LENDING to individuals bounced back in September, data out yesterday showed, as the full impact of the Funding for Lending scheme (FLS) began to be felt.
Consumer credit climbed £1.2bn in the month, the Bank of England said, in the second month of the government and Bank of England’s plan to boost lending.
Analysts said the rise added to the case suggesting the underlying economy was finally recovering from years stuck in the doldrums.
“This might be a reflection of improved underlying health in the economy,” said Ross Walker at RBS, but Walker went on to warn that the overall lending situation was “anaemic” despite the “signs of improvement.”
September also saw a £0.5bn rise in mortgage lending, the Bank said, as rates on new secured loans slid from 3.84 per cent on average in August to 3.77 per cent in September.
LSL Property Services boss David Newnes called the mortgage market “buoyant”, but said the improvements were not enough. He cited low loan-to-value ratios on available loans, as well as strict capital adequacy requirements as major restrictions on the market’s health.

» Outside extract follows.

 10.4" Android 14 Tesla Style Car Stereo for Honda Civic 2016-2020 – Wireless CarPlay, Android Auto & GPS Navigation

Rates on new unsecured loans plunged from 7.11 per cent on average to 6.72 per cent on average in the same period. However savers were hit by the falling interest rates, with average returns on new time deposits slashed from 3.01 per cent in August to 2.75 per cent in September.
The business lending data painted a more sombre picture of the market. Lending drooped £0.9bn during September, the data showed, driving the total 3.1 per cent below where it was a year ago.